Behavior vs. Target Policies

A subtle but important distinction: the policy used to collect experience may differ from the policy being learned.

Behavior Policy ($\beta$ or $\mu$): The policy actually interacting with the environment, generating experience data.

Target Policy ($\pi$): The policy we're trying to learn or evaluate.

On-Policy Methods

Behavior = Target: We use the current policy $\pi_\theta$ for data collection and update $\pi_\theta$ based on that data.

Examples: SARSA, A2C, PPO (approximately on-policy)
Pros: Simpler, more stable, no importance sampling needed
Cons: Data can only be used once, sample inefficient

Off-Policy Methods

Behavior ≠ Target: We collect data with one policy but learn about a different policy.

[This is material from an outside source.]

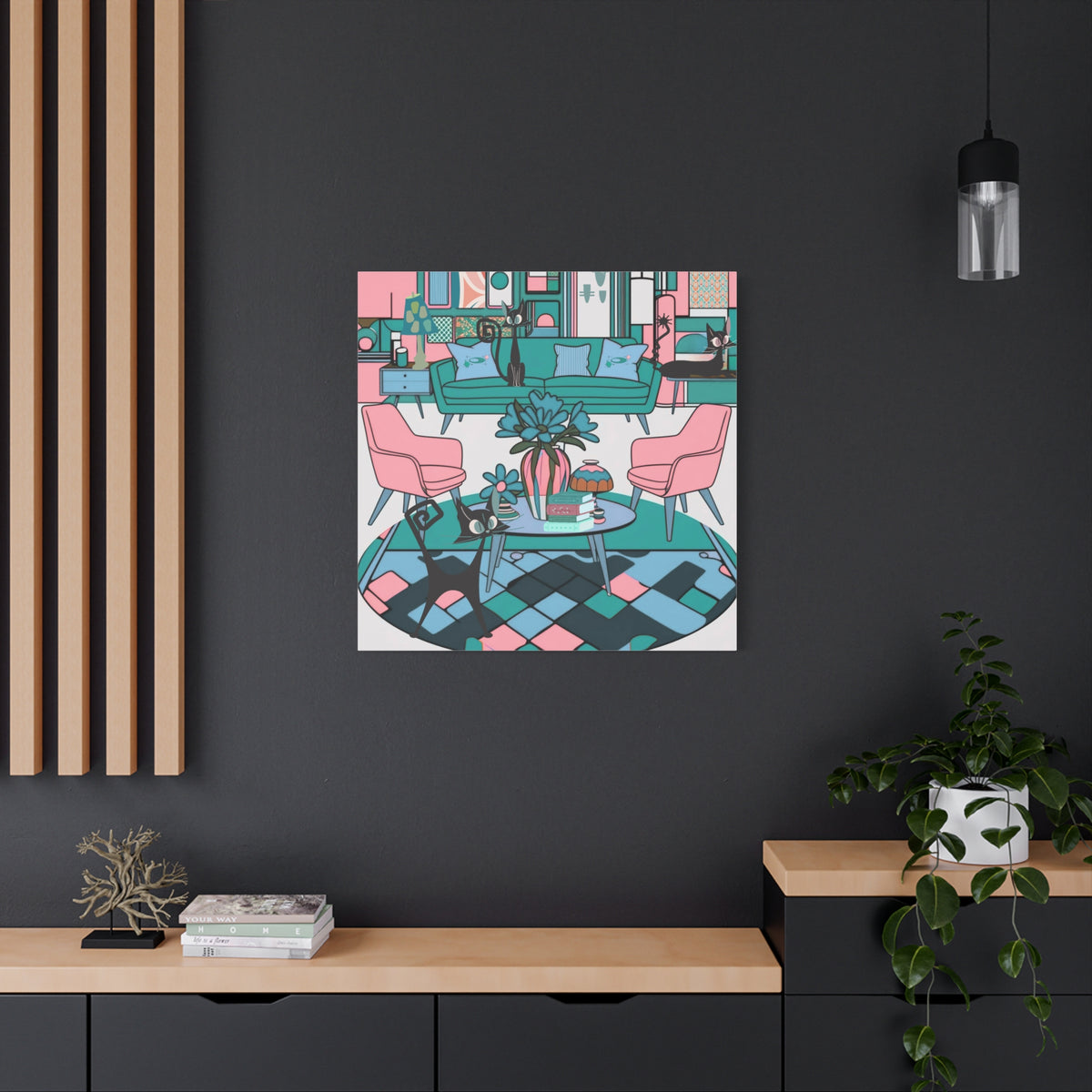 Atomic Cat Mid Century Modern Wall Art Colorful Cat-Themed Canvas Art - Mid Century Modern Gal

Examples: Q-Learning, DQN, DDPG, SAC
Pros: Reuse old data (experience replay), learn from demonstrations
Cons: Need importance sampling correction for policy gradient; Q-learning avoids this

On-Policy vs Off-Policy Characteristics
Aspect	On-Policy	Off-Policy
Data generation	Current policy	Any policy (can differ)
Sample reuse	Cannot reuse old data	Experience replay possible
Sample efficiency	Lower (fresh data needed)	Higher (reuse data)
Stability	More stable	Can be less stable
Correction needed	No	Importance sampling (for PG)
Can learn from demos	No	Yes
Examples	A2C, PPO, TRPO	DQN, DDPG, SAC

Importance Sampling Correction

When the behavior policy $\mu$ differs from target policy $\pi$, expectations must be corrected:

$$\mathbb{E}{a \sim \pi}[f(a)] = \mathbb{E}{a \sim \mu}\left[ \frac{\pi(a|s)}{\mu(a|s)} f(a) \right]$$

The ratio $\rho = \pi(a|s) / \mu(a|s)$ reweights samples. High ratio: action is more likely under $\pi$ than $\mu$. Low ratio: less likely.

Problem: Importance ratios can have high variance, especially when $\pi$ and $\mu$ differ significantly.

Solutions:

Keep $\pi$ close to $\mu$ (PPO's clipping, TRPO's constraint)
Use value function methods that avoid importance sampling (Q-learning)
Truncate extreme ratios (but introduces bias)

Q-Learning's Elegance

Q-learning is off-policy without needing importance sampling. Why? Because the Bellman update Q(s,a) ← r + γ max Q(s',a') doesn't depend on which policy selected a. The action's value doesn't change based on how we chose it. This makes Q-learning remarkably sample-efficient but limits it to learning deterministic policies.

Policy Entropy and Regularization

Entropy measures the randomness of a policy's action distribution:

$$H(\pi(\cdot|s)) = -\sum_a \pi(a|s) \log \pi(a|s) \quad \text{(discrete)}$$

$$H(\pi(\cdot|s)) = -\int \pi(a|s) \log \pi(a|s) , da \quad \text{(continuous)}$$

High entropy: uniform distribution, lots of randomness. Low entropy: peaked distribution, nearly deterministic.

Why Entropy Matters

Exploration: High entropy policies explore more, visiting diverse states.
Regularization: Entropy bonus prevents premature convergence to suboptimal deterministic policies.
Robustness: Stochastic policies are harder for adversaries to exploit and more robust to model errors.
Maximum Entropy RL: SAC and related algorithms maximize reward AND entropy simultaneously, leading to robust, multi-modal policies.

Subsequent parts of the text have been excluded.